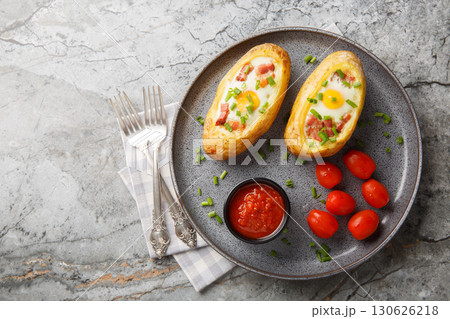 Egg Stuffed Baked Potatoes closeup on the plate. Horizontal top view Egg Stuffed Baked Potatoes closeup on the plate. Horizontal top view 130626218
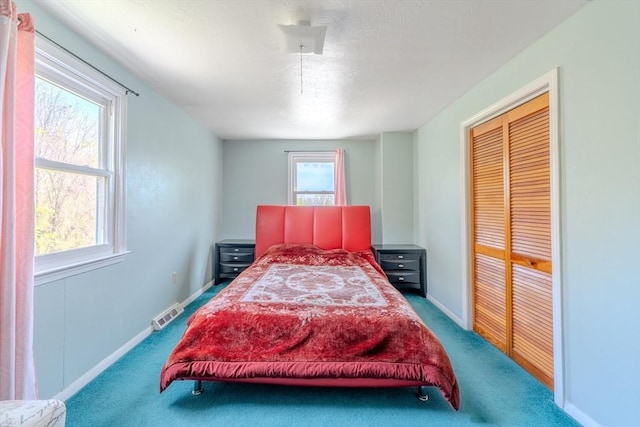 carpeted bedroom with multiple windows and baseboards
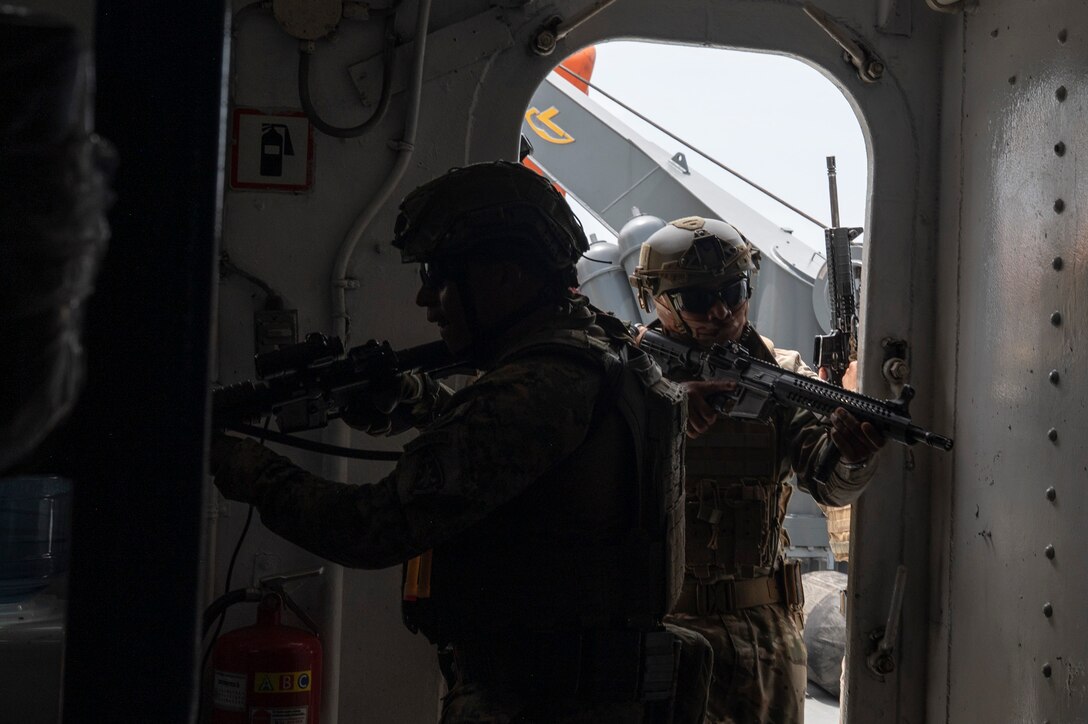 Two Panamanian Servicio Nacionales de Fronteras (SENAFRONT) members clear a room during a simulated visit, board, search, and seizure training between U.S. and Panamanian special forces units, at Panama City, Panama, July 17, 2025. As part of PANAMAX-Alpha Phase I, the Government of Panama conducted unilateral, simulated Panama Canal security operations, supported by U.S. Southern Command. This phase includes Military Decision-Making Process (MDMP) academics, a command post exercise (CPX), and a field training exercise (FTX). (U.S. Air Force photo by Staff Sgt. Sadie Colbert)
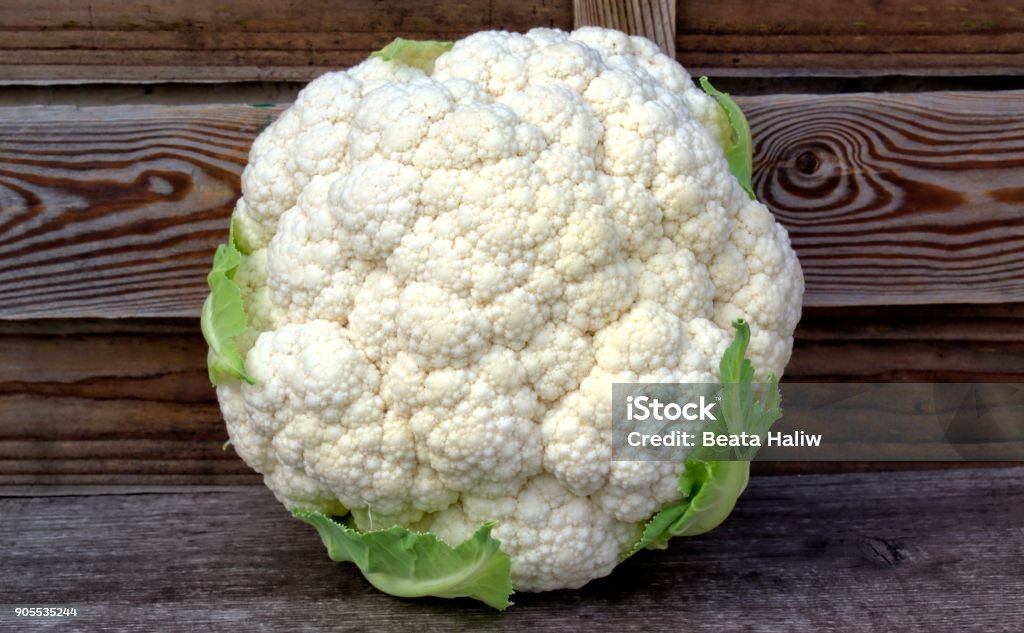 Fresh isolated vegetables concept. white cauliflower on a wooden background. Agriculture Stock Photo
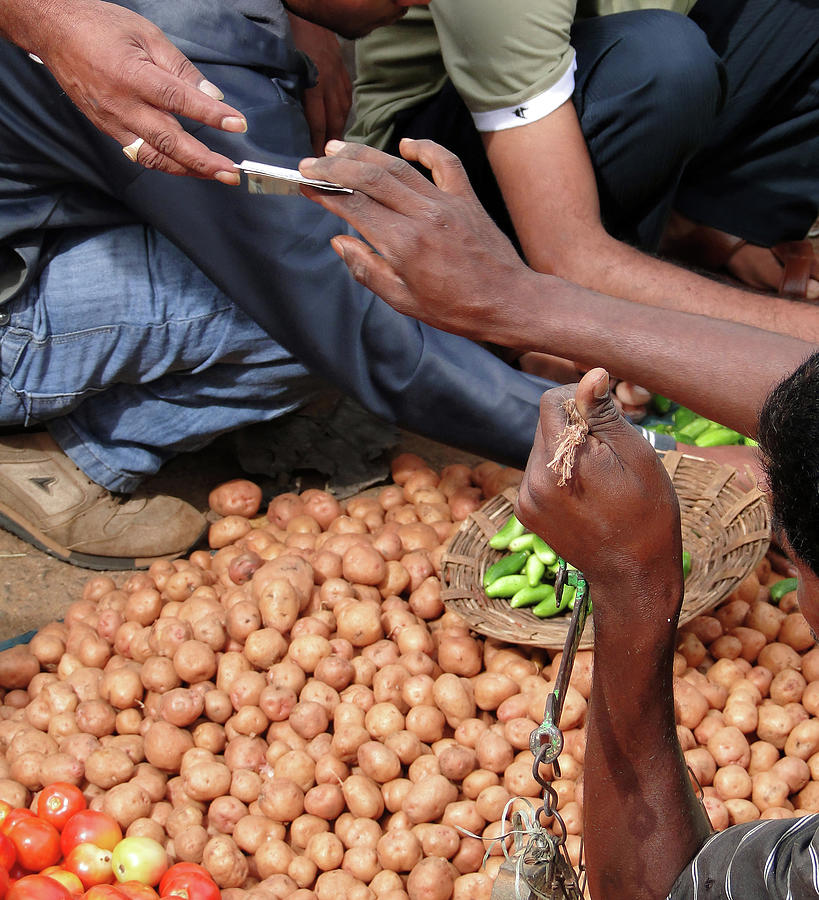 Selling potatoes at the  weekly market #BuyIntoArt   Photograph by Steve Estvanik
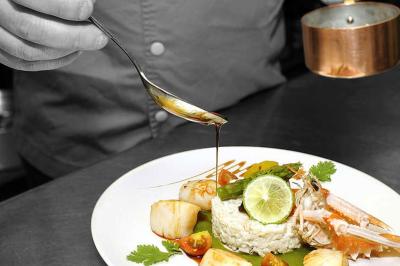 Un chef verse une sauce sur un plat raffiné composé de riz, fruits de mer, légumes et citron vert.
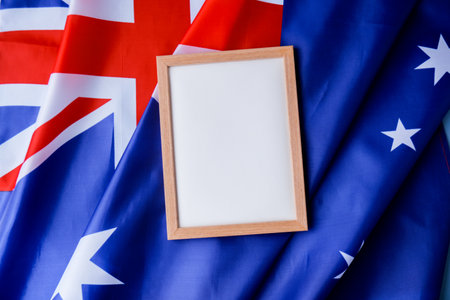 White empty paper copy space template mock up Australian flag background. National symbol and patriotism concept, ideal mock-up for custom copy designs. Place your logo or text on the white paper boardの写真素材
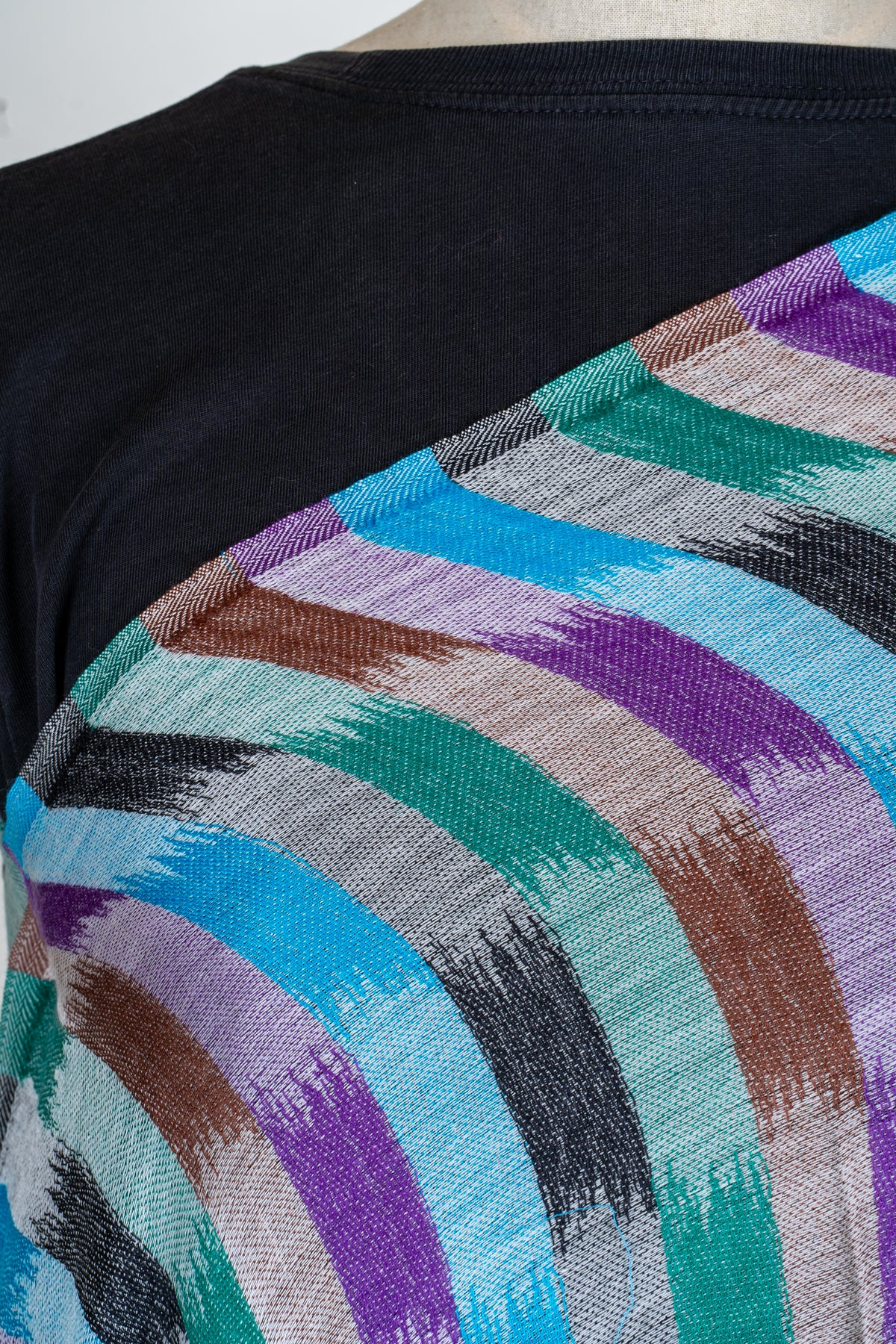 Shoulder close-up of the stole with brush-like blue, teal, purple and brown blocks and a fine visible weave.
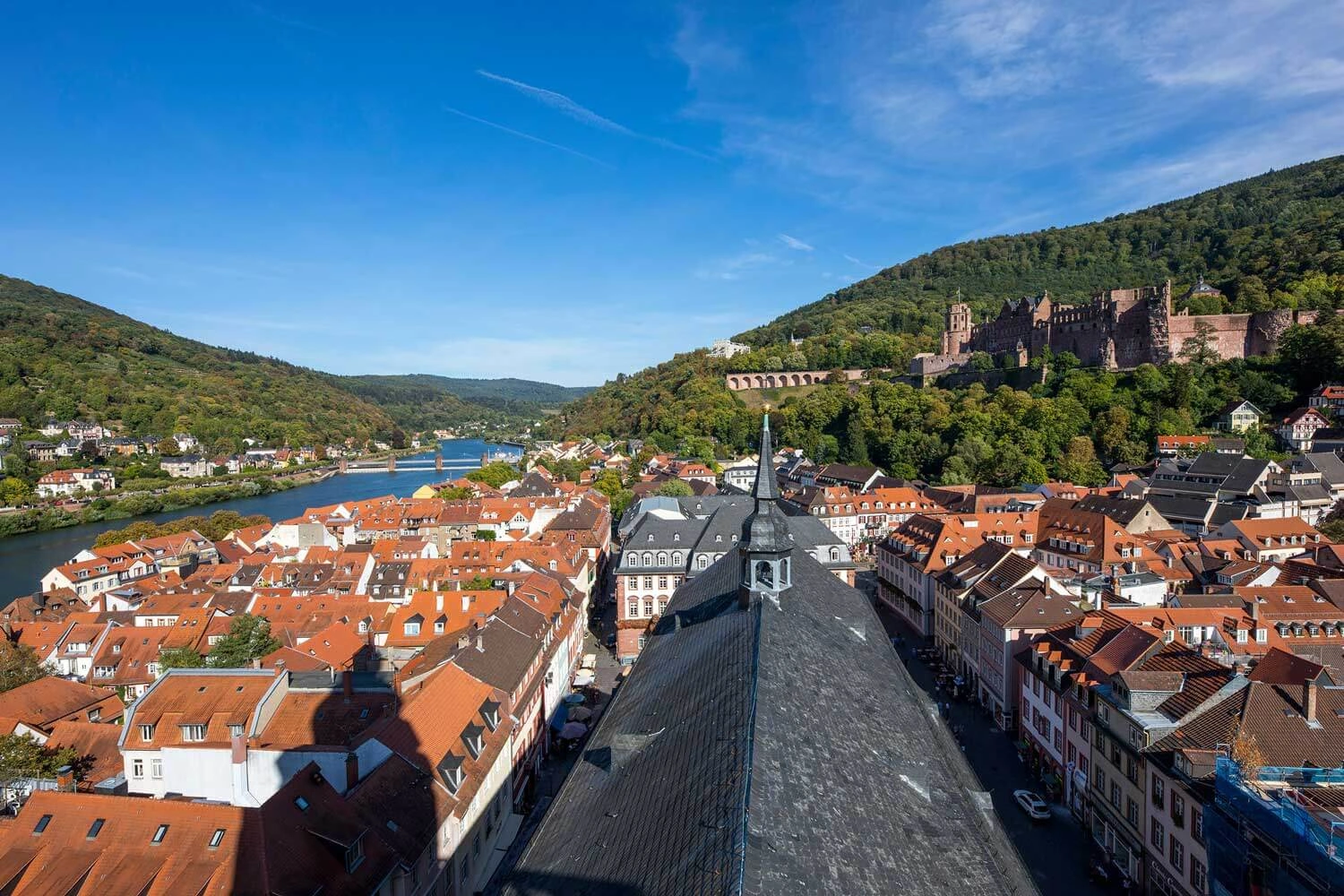 Blick von einem Kirchturm über eine Altstadt. Oberhalb der Stadt befindet sich eine Burgruine.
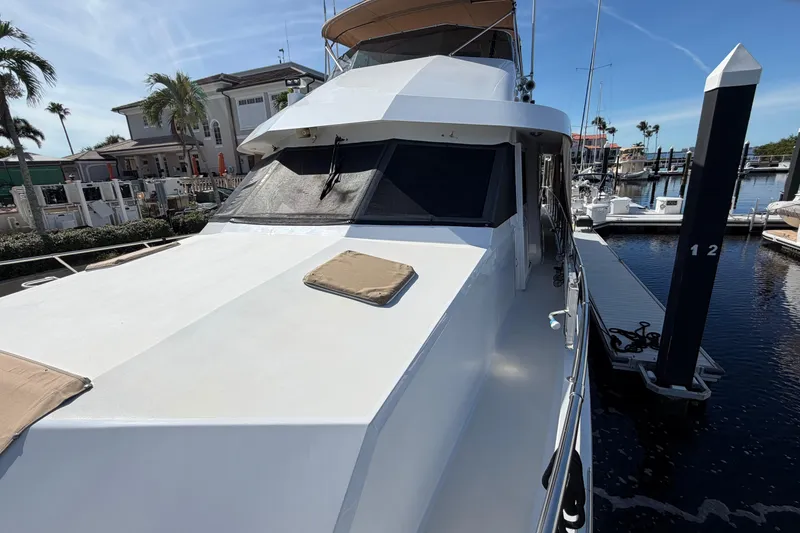 Slide: The Image of 1991 Hatteras 70 Motor Yacht docked, showcasing sleek design and spacious deck. - 20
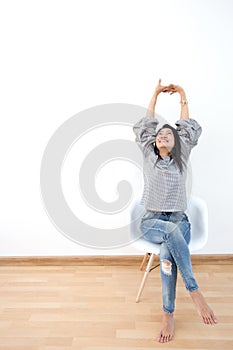 Attractive Asian girl sitting on white modern chair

■ PROBLEM: The reply should hold only the lines running from the top of the records to the line containing "Two Panamanian Servicio", both included, copied exactly with no pictures.

■ RESPONSE TO THIS EXERCISE:
 Egg Stuffed Baked Potatoes closeup on the plate. Horizontal top view Egg Stuffed Baked Potatoes closeup on the plate. Horizontal top view 130626218
 carpeted bedroom with multiple windows and baseboards
 Two Panamanian Servicio Nacionales de Fronteras (SENAFRONT) members clear a room during a simulated visit, board, search, and seizure training between U.S. and Panamanian special forces units, at Panama City, Panama, July 17, 2025. As part of PANAMAX-Alpha Phase I, the Government of Panama conducted unilateral, simulated Panama Canal security operations, supported by U.S. Southern Command. This phase includes Military Decision-Making Process (MDMP) academics, a command post exercise (CPX), and a field training exercise (FTX). (U.S. Air Force photo by Staff Sgt. Sadie Colbert)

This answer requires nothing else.